Case Study - Rubinka
Case Study - Rubinka
Case Study - Rubinka




Nala & Fix


* = updated

      • Rubinka

        The following is a letter sent to Nancy Camp from one of her clients.

        Rubinka and I were training for a 5-day backpack trip planned for mid-September, 2011. She turned up
        lame on her front left leg after some typically Airedale “heroic” squirrel chasing during a 3-hour hike just
        days before our trip. After a phone consultation with the on-call vet, I took her on the trip but kept her
        leashed most of the time. She did fine, but I could tell it bothered her some. After we returned, I took her
        to a noted orthopedic veterinary surgeon in the Valley. He determined she sprained her wrist and I was
        instructed to keep off of it for a while. Unfortunately, after “a while” the wrist hadn’t improved and her
        spine was bulging in a funny way, so I took her to a local veterinary acupuncturist/chiropractor. The
        treatments made an immediate difference, and she seemed much happier. These treatments, complimented with herbs, continued regularly through the winter. However, whenever she played even moderately hard or went for a mild hike, I could tell her wrist hurt.

        Finally in March, I went back to the orthopedic surgeon. During his second assessment, Rubinka reacted
        strongly to manipulation of her left hind leg. X-rays revealed a bad hip, the result of some unknown
        accident when she was a puppy. She had a full hip replacement on April 3rd, one month short of her 4th
        birthday. She was one miserable pooch. During each check-up visit at 2, 6, and 8 weeks, the surgeon
        commented that she just wasn’t walking right. Something about a muscle near the hip that was pried
        aside for the surgery, but didn’t migrate back into place as it was supposed to. He said this caused her
        left knee and toes to noticeably flip out when she walked. I was disappointed that he didn’t recommend
        any physical therapy or strengthening exercises. His only recommendation was to take her hiking and let
        her run around. He must never have owned an Airedale! They go 1,000 mph with fierce, terrier determination
        and may turn instantly stone deaf! Plus, she can be reactive to some dogs her size and larger, so this
        wasn’t a realistic post-surgery option.

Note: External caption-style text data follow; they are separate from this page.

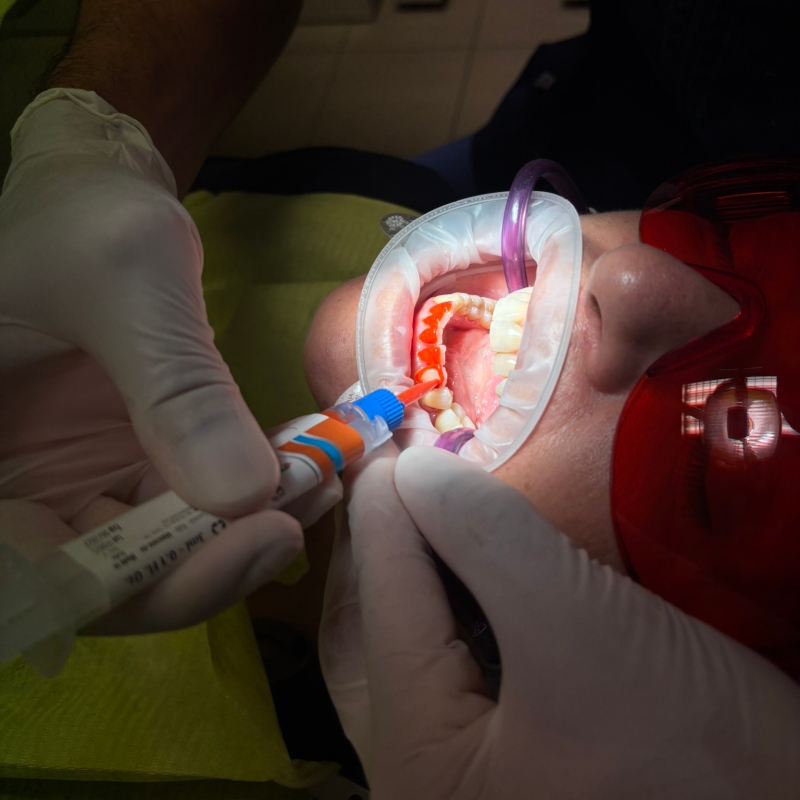 Restauro estetico dei denti anteriori nello studio a Roma EUR”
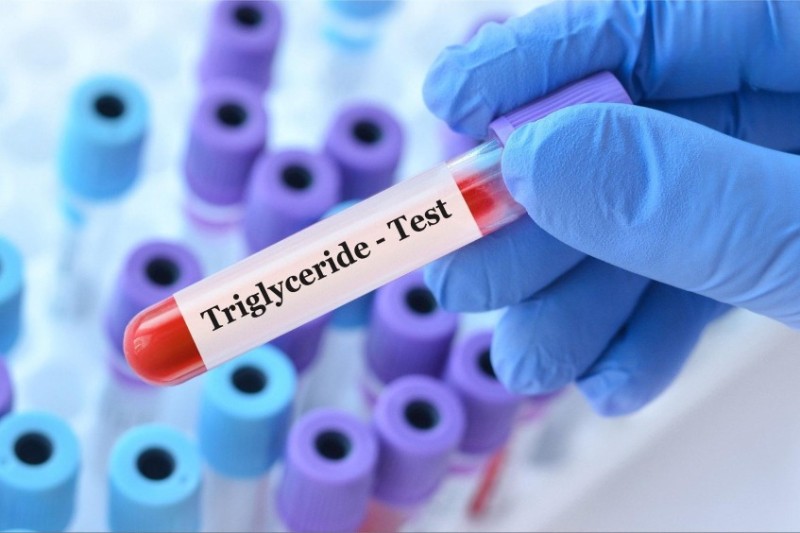 chẩn đoán tăng triglyceride mau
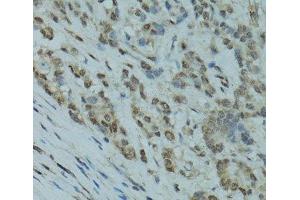 Immunohistochemistry of paraffin-embedded Human colon carcinoma using GABPA Polyclonal Antibody at dilution of 1:100 (40x lens).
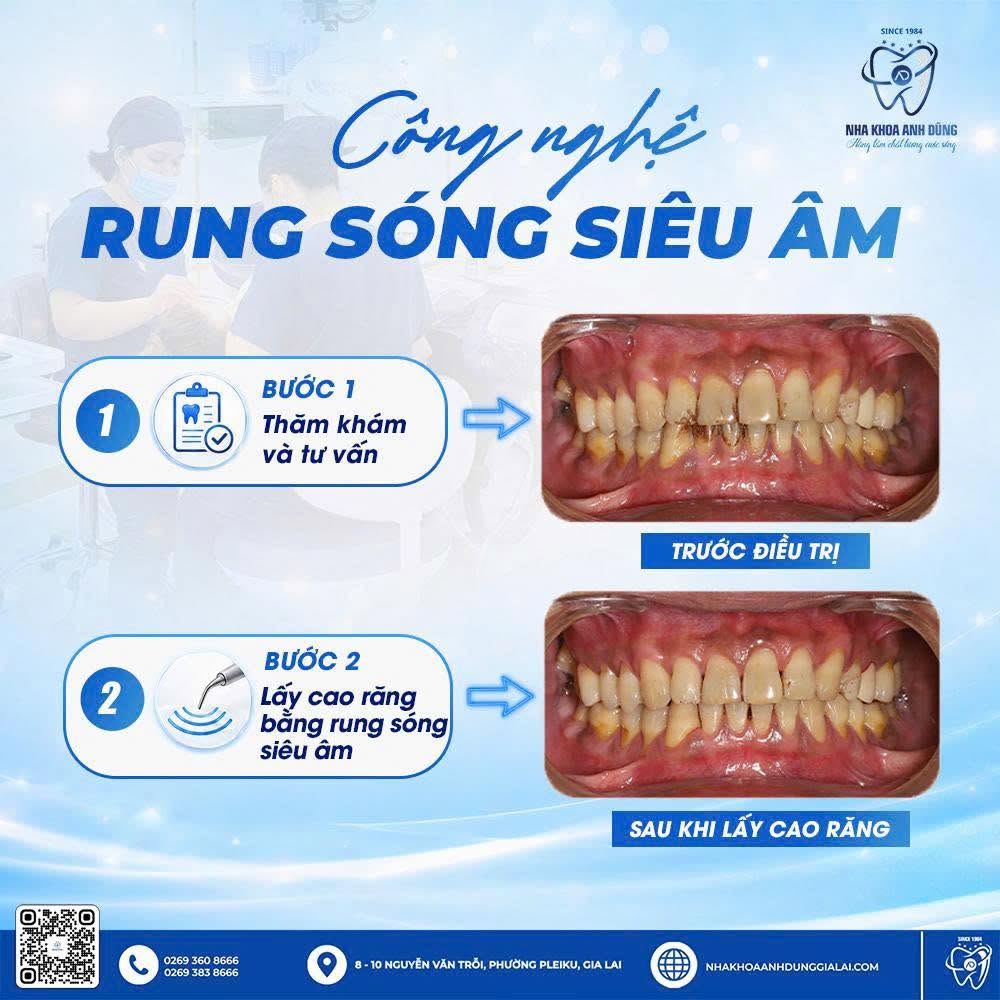 thoi-cat-sinh-hoc-air-polishing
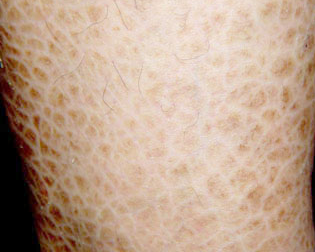 鱼鳞病是什么原因造成的?_东莞南城肤康皮肤病科门诊部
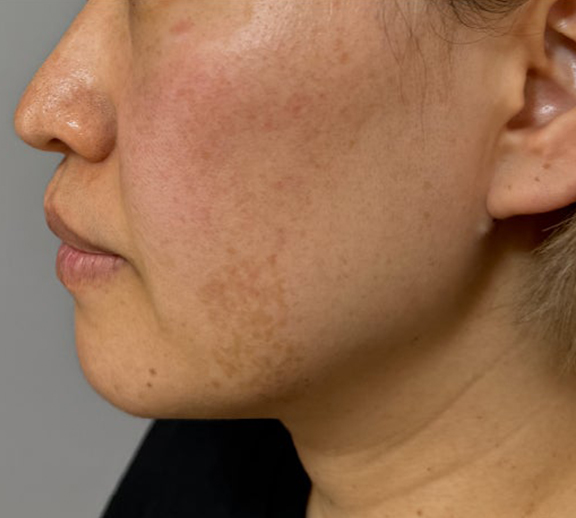 イタリアンリフト,イタリアンリフト、あご注射（ヒアルロン酸）、シワ取りヒアルロン酸注射を行った症例写真,Before,ba_italian040_b03.jpg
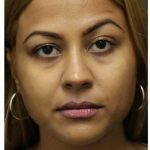 Aesthetic Facial Balancing Before & After Patient #1134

        My vet tech friend recommended an appointment with you, saying that while she didn’t really understand
        your techniques, they had worked miracles on her Irish Wolfhounds. At wits end and full of concern for
        my dear rambunctious girl, I set up an appointment with you.

        After your first session, Binka slept 2 hours straight, absolutely without moving. A few hours later when
        we went on our evening walk, she walked that fast, long-legged walk that makes me hustle to keep up.
        She hadn’t done that in months.

        The next day she ran around the back yard, and I noticed that more often than not she’d halt with both
        hind legs pretty squared, something she hadn’t done post surgery.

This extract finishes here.